KDD2025
PARSIFAL: Private and Robust Sign Federated Learning
Runze Lei, Pinghui Wang, Juxiang Zeng, Chenxu Wang, Hongbin Pei, Junzhou Zhao
Abstract
Federated learning (FL) is a popular collaborative training paradigm in which data owners offer gradients instead of private data to model owners for model training to protect data privacy. However, it faces security threats from two sides: dishonest model owners may extract sensitive information about private data from gradients; meanwhile, adversaries may pretend to be data owners and poison the model by sending malicious gradients. We propose a novel FL protocol, PARSIFAL, to address privacy leakage and model poisoning threats.
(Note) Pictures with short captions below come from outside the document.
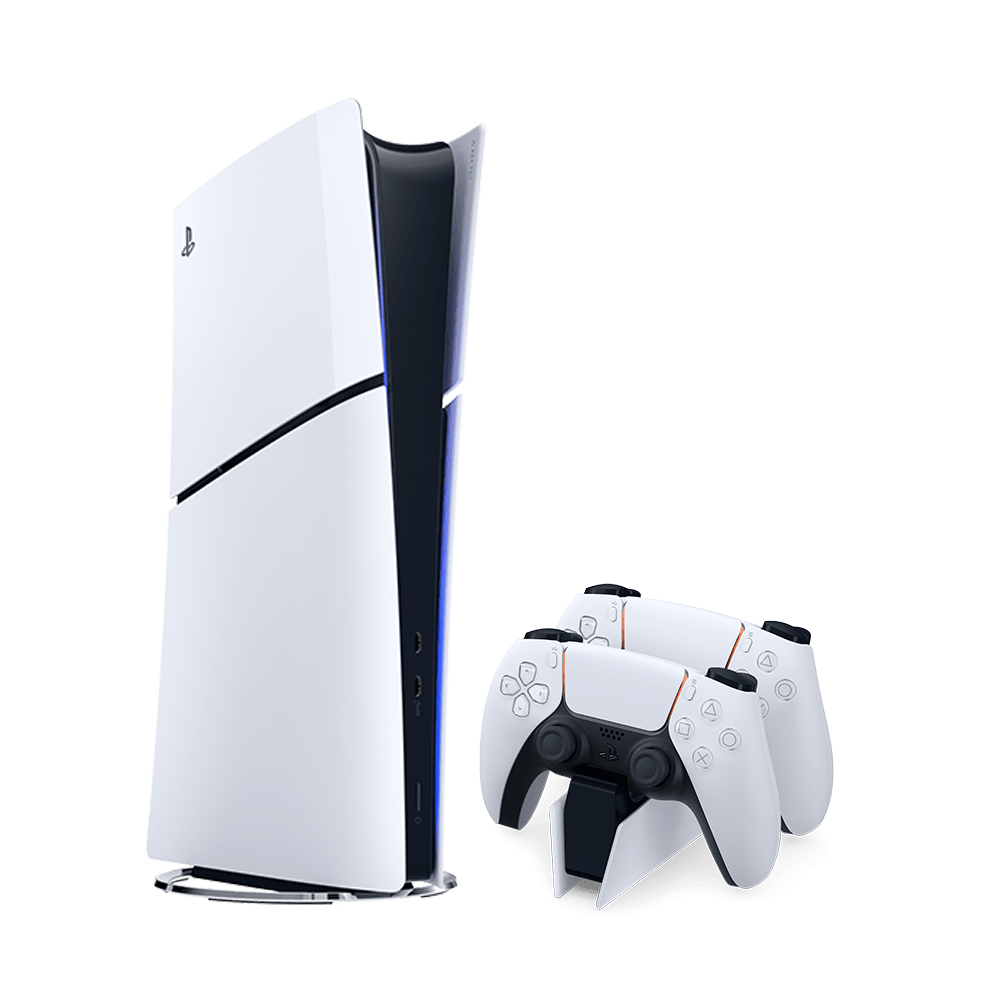 PlayStation 5 PS5 PlayStation Console KOODOO PlayStation 5 PS5 PlayStation Console KOODOO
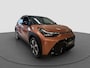 Toyota Aygo X Hybrid 115 pulse | Apple Carplay & Android Auto | Parkeercamera | * | Auto op bestelling |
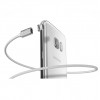 cable_1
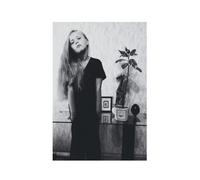 Cold Cave : Full Cold Moon VINYL 12" Album Coloured Vinyl (2025) NEW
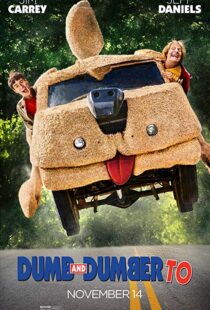 دانلود فیلم Dumb and Dumber to 201410783-47144024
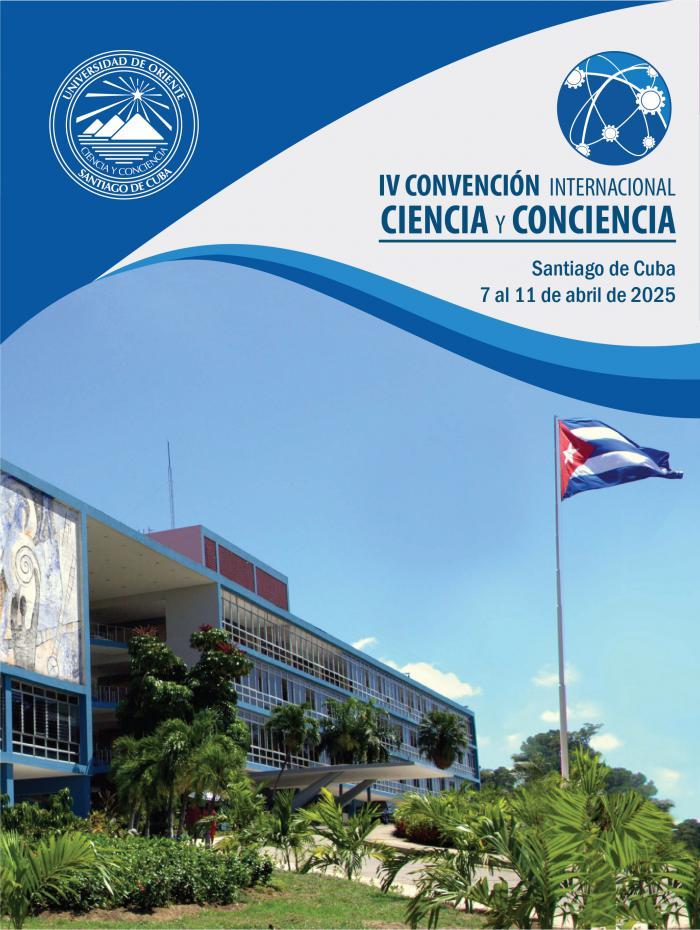 Universidad de Oriente convoca a la IV Convención Internacional «Ciencia y Conciencia»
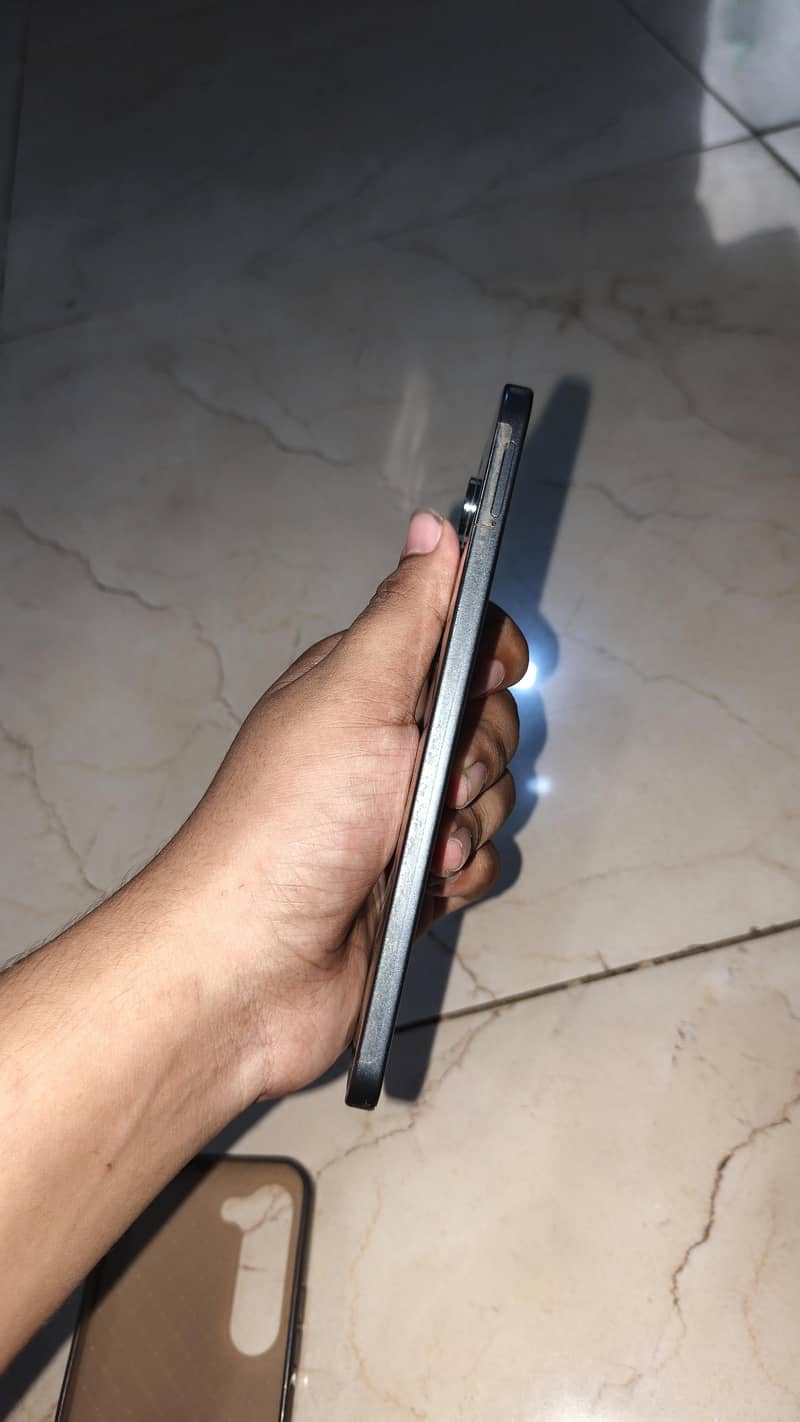 Tecno Other Model 4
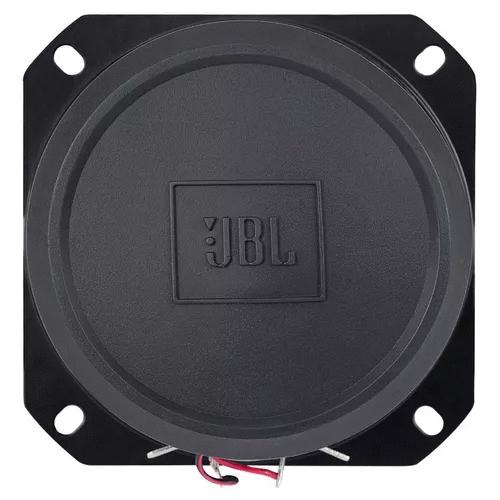 JBL 4TRMS80 コアキシャル カースピーカー ペア 10cm 160W｜casadosom｜07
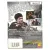 Рейд (DVD, Digipack) Рейд (DVD, Digipack)
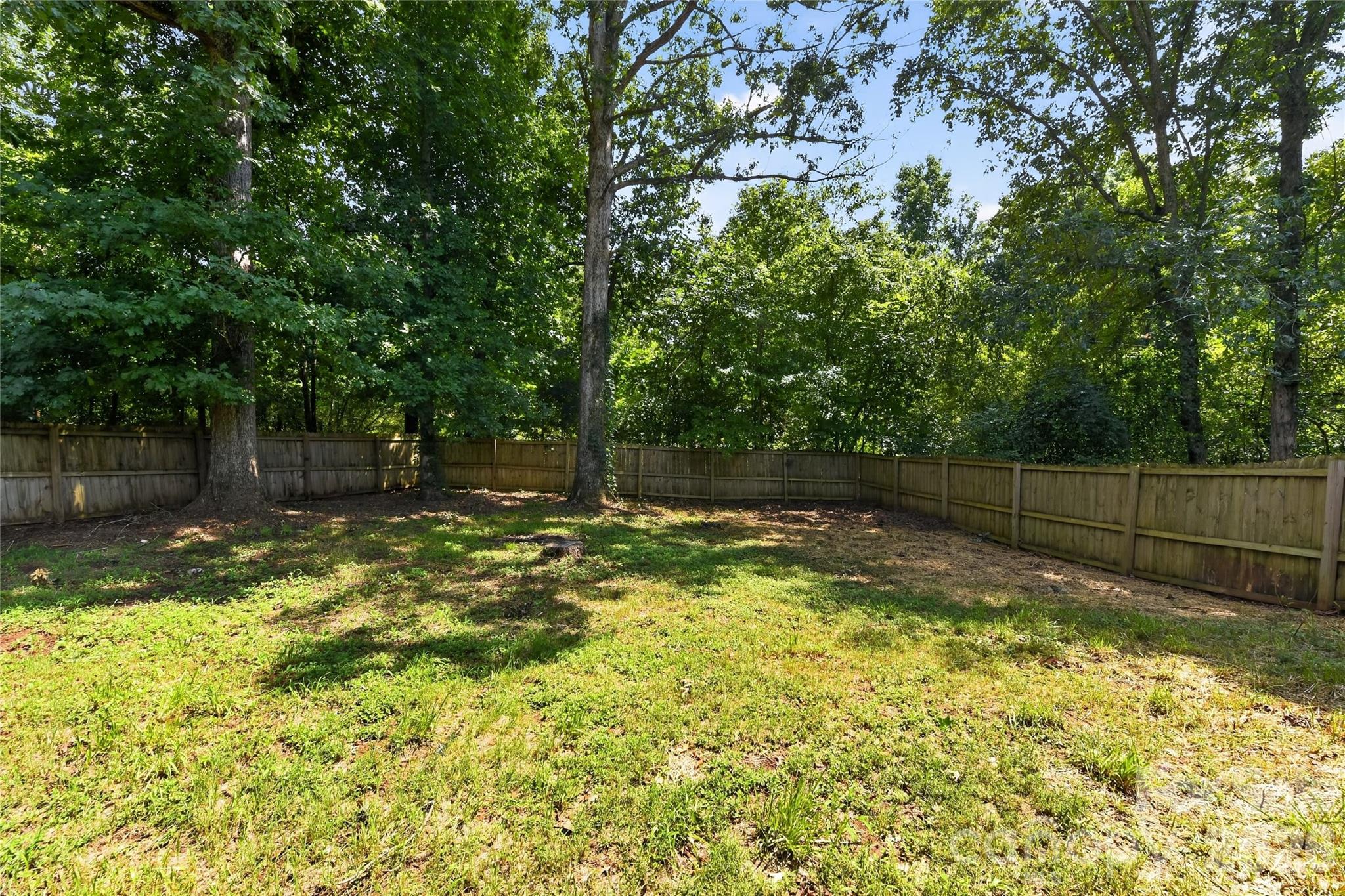 4625 Longbriar Drive — Gastonia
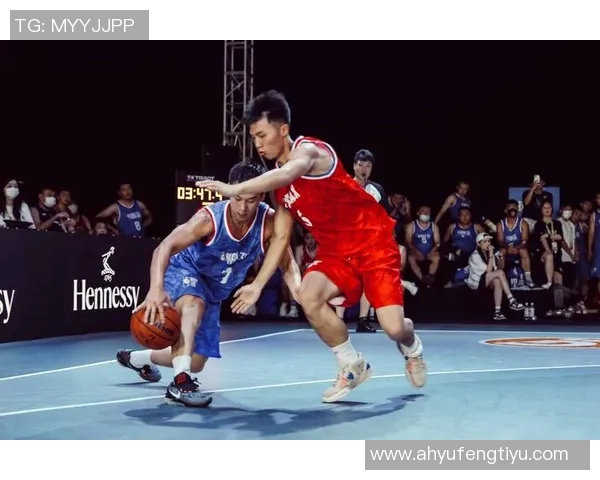 青岛与辽宁激战全场精彩录像回顾与赛后分析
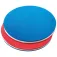 Swimtech Rai Circular per Nadar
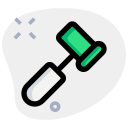 Tools icon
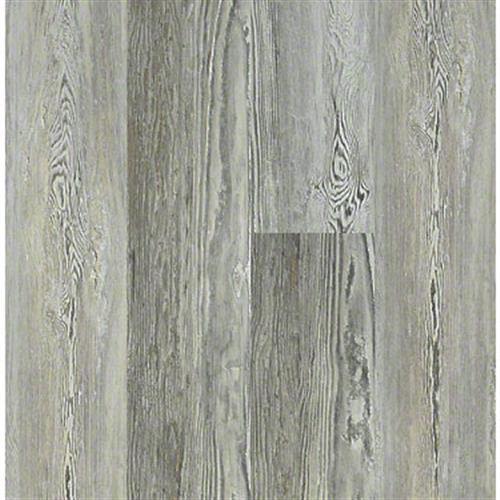Room Scene of Basilica Plus - Vinyl by Shaw Flooring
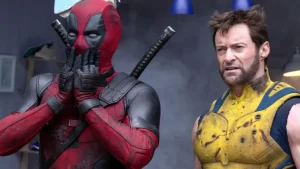 Marvel Has No Plans for Deadpool 4 Despite Massive Success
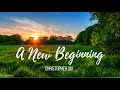 Christopher siu  a new beginning cinematic orchestral music disneynintendo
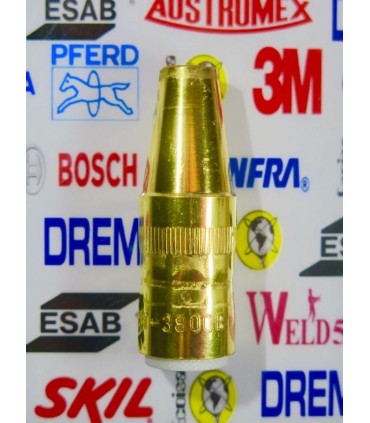 Tobera Bernard 3/8 NST-3800B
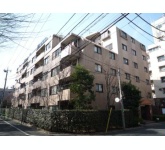 メイツ新桜台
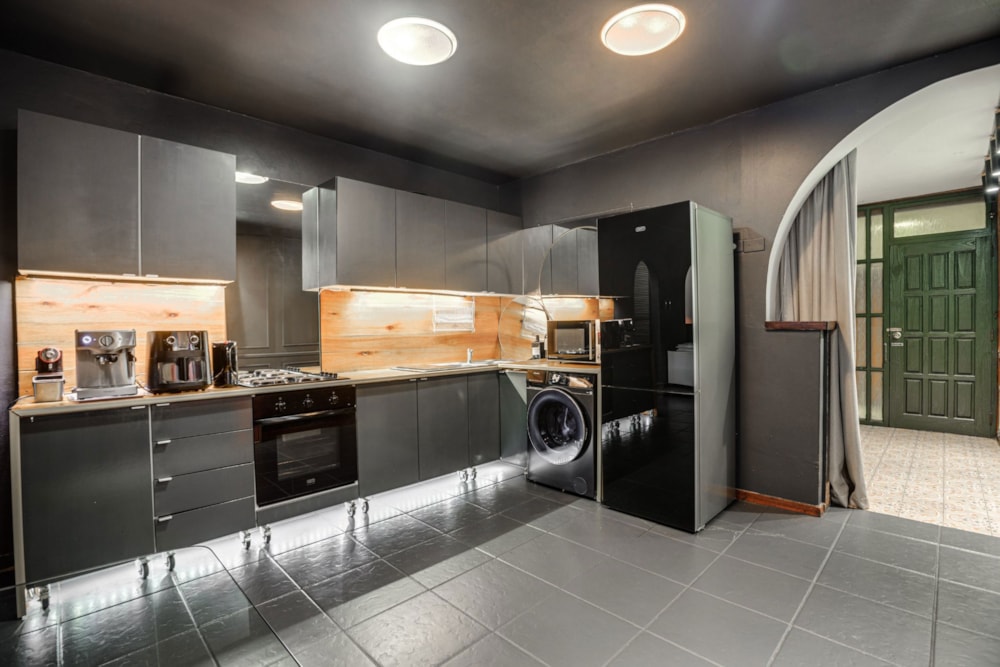 Garden apartment sold in Killarney - HP1699200 Garden apartment sold in Killarney - HP1699200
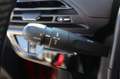 Citroen C4 Picasso C4 Picasso 1.2 PureTech 130 Feel Klima/AHK/BC Rot - thumbnail 10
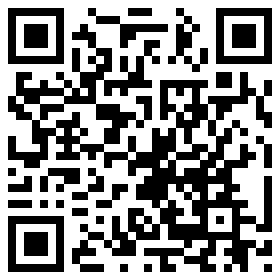 qrcode für Telegärtner 26.11.6000 - TELEGAERTNER LWL Patchpanel 1 HE leer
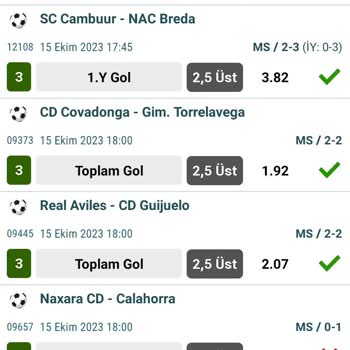 Nesine Eksik Para Yatırma Hesaba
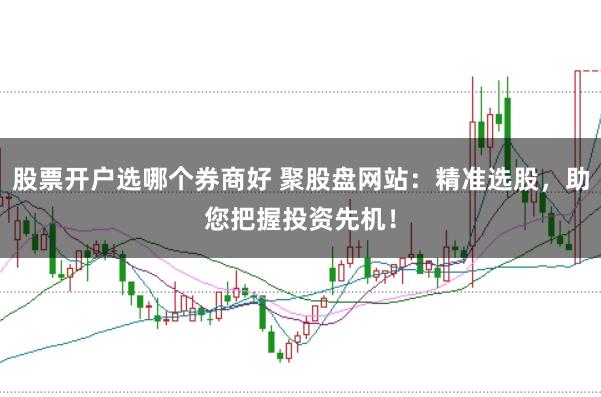 股票开户选哪个券商好 聚股盘网站：精准选股，助您把握投资先机！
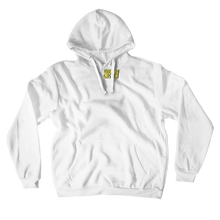 weekendgasten Hoodies (No-Zip/Pullover)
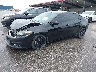 1C3CDFBBXED****** Usados y Reparables 2014 Dodge Dart en Omaha South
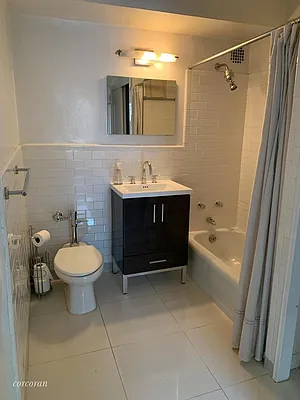 Rented by Corcoran | media 13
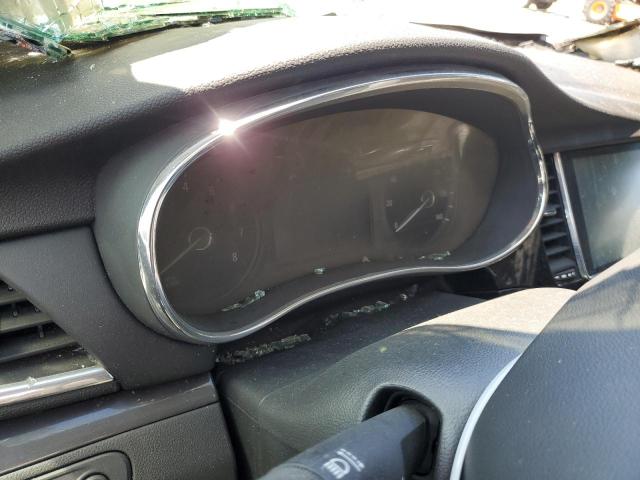 Photo 9 from auction – 2019 BUICK ENCORE SPO with VIN KL4CJ2SB2KB866871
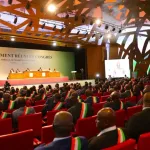 cote-d-ivoire-le-parlement-prend-en-consideration-le-projet-de-revision-constitutionnel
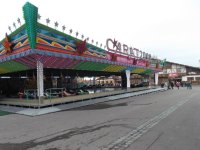 DSCF0049.JPG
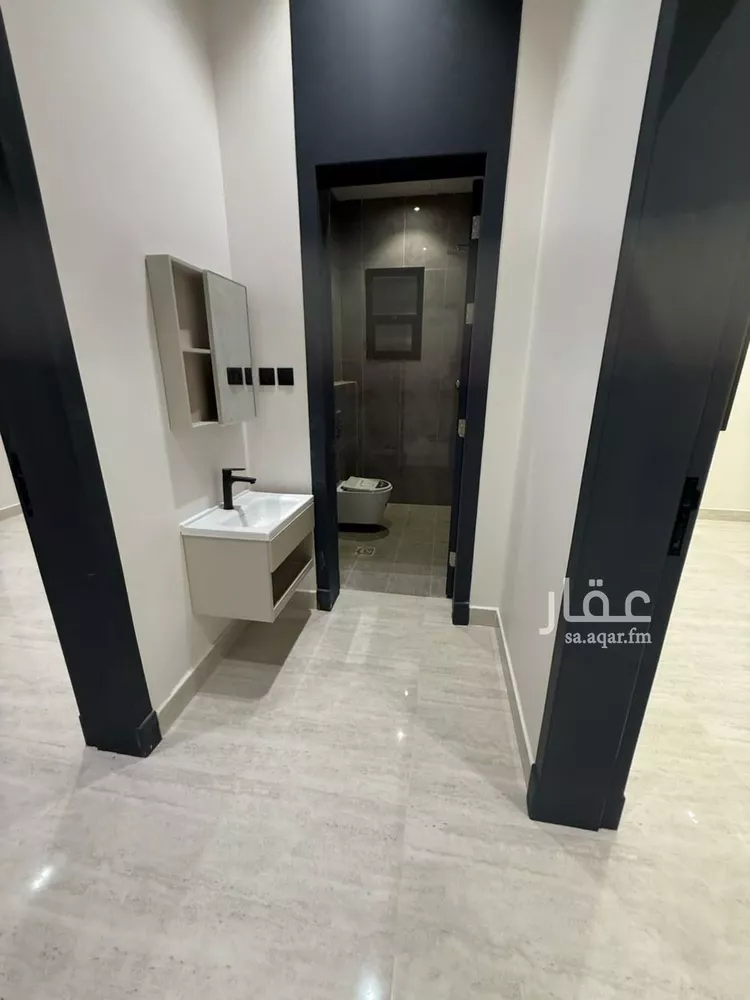 دور للبيع في شارع مرقان, حي اليرموك, مدينة الرياض, منطقة الرياض صورة 5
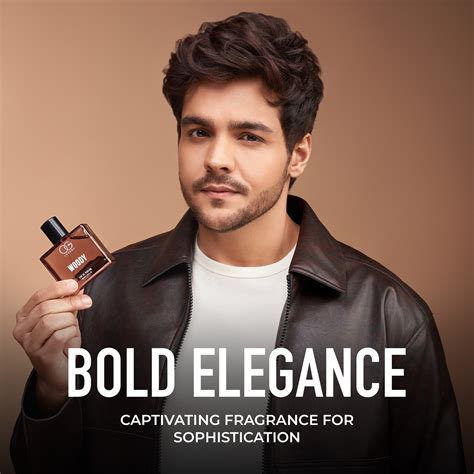 OG Beauty - Ashish Chanchlani's Favorite Fragrances & Care Products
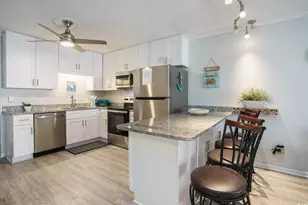 6000 N Ocean Blvd, North Myrtle Beach, SC 29582 - Photo 13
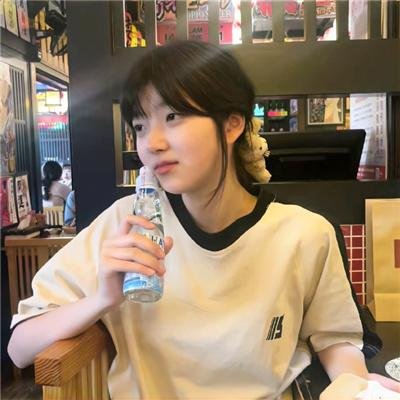 巨乳学园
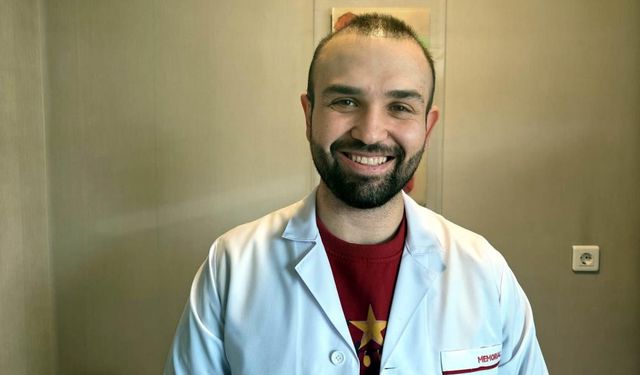 Sahte botoks ölüm saçıyor! Uzmanından önemli uyarı…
A poisoning detection module is designed based on a novel sketch structure. This module efficiently detects potential malicious gradients that are dissimilar to the majority of benign gradients. PARSIFAL also contains a robust aggregation module based on sign gradients to mitigate the influence of poisoning gradients on aggregation results. Meanwhile, all processes of our PARSIFAL are protected by privacy protocols, mainly based on secret sharing, to guarantee that malicious detection and aggregation processes will not leak sensitive information. Experimental results show that PARSIFAL improves poisoning defense performance by up to 28% compared with recent baselines.